November – Expecting!
Of course, I knew for a while before the announcement, but we were waiting to share the news until we were certain we were ready to share. And I am so excited to be able to have shared this pregnancy reveal with all of you! Karley and I are adding another member to the upper house and I couldn’t be happier. She is due in May. As I said in November, keep an eye out for a fundraiser contest for the baby!
December – Podcast Rebirth
It is interesting how this year in review bookends with the How Two Medieval podcast. The beginning of the year started with the beginning of the podcast, fitting. Now we come full circle and I find one of the more notable events of the end of this year is bringing on Matt as co-host to the podcast. It was a big change, and changes such as this do not come without some amount of friction, but on the whole, it is a transition I can say with complete honesty has left no hard feelings. I am also certain there will be a whole ‘nother year of H2M content!
Looking to the Future
I have been bitten by the video bug, and I cannot put my finger on exactly what it is which has made me feel so increasingly motivated to do video content. My desire to write has not diminished, but in addition to having half a dozen written article ideas, I have dozens of video concepts bouncing around inside my head. And some of my video ideas would make great companion articles, and many of my articles are rife with material lending themselves to companion videos, so anticipate many more videos in the future. I have some reviews I want to do, tutorials I want to develop, and I also have some narrative short films and sketch comedy ideas in the medieval style.
I also have some research goals of mine which are taking a considerable amount of time. There’s a level of tediousness and meticulousness in, say, counting the number of figures in hundreds of manuscript miniatures, but I enjoy that kind of work. I can enjoy it, but it doesn’t make it go any faster. Because of the time commitment, I worry I will only get one or two of these completed, but when I do I know you will be very happy with some more accessible, in-depth, historical research.
I also want to continue to develop a living history group focusing on “micro-events” every month or so. This is a concept I have been developing in the back of my head for months, and it is going to be the topic of an upcoming podcast episode, though I may write an article organizing my thoughts on the concept as well, just so I can have the mindset explored to its fullest. Events such as these should also be glamor engines, fueling social media’s endless desire for more pretty pictures. I would also like to host at least one event in 2021, though who knows with covid.

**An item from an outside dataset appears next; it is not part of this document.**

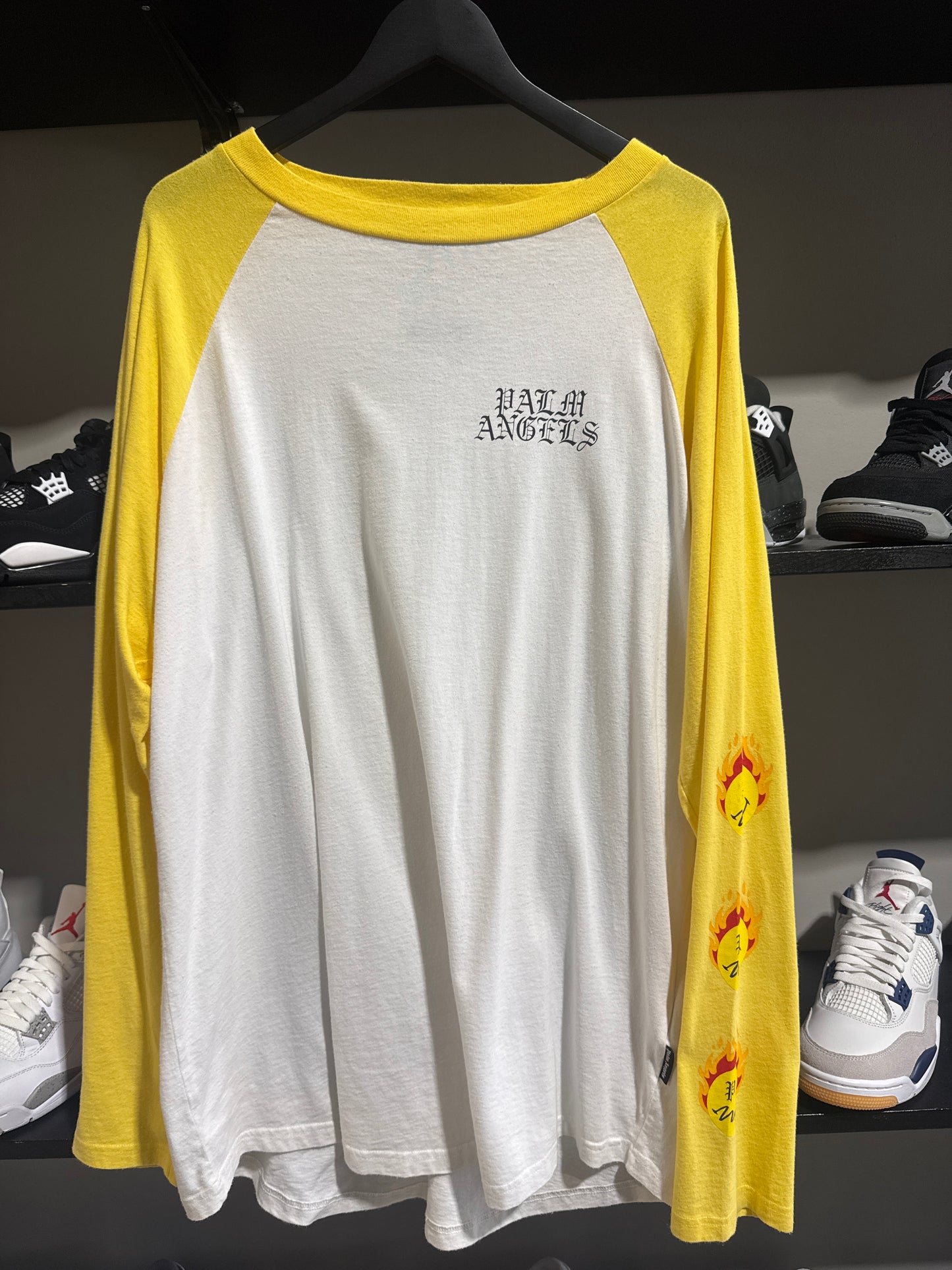 palm angels yellow and white baseball longsleeve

This year has taught me the value of collaboration. I have been bringing people in to write guest articles which is fun and if you want to write one for the site just send me an email (TheTurnipOfTerror @ Gmail.com) or fill out the contact form. I want to collaborate as much as I can and bring together the great figures in the community. If the world opens up again next year I want to return to my previous goals of traveling more and interviewing more. I plan to help the online community grow, and see medieval living history thrive.
I also really need to start putting out these newsletters on the last day of the month, not the first of the next one.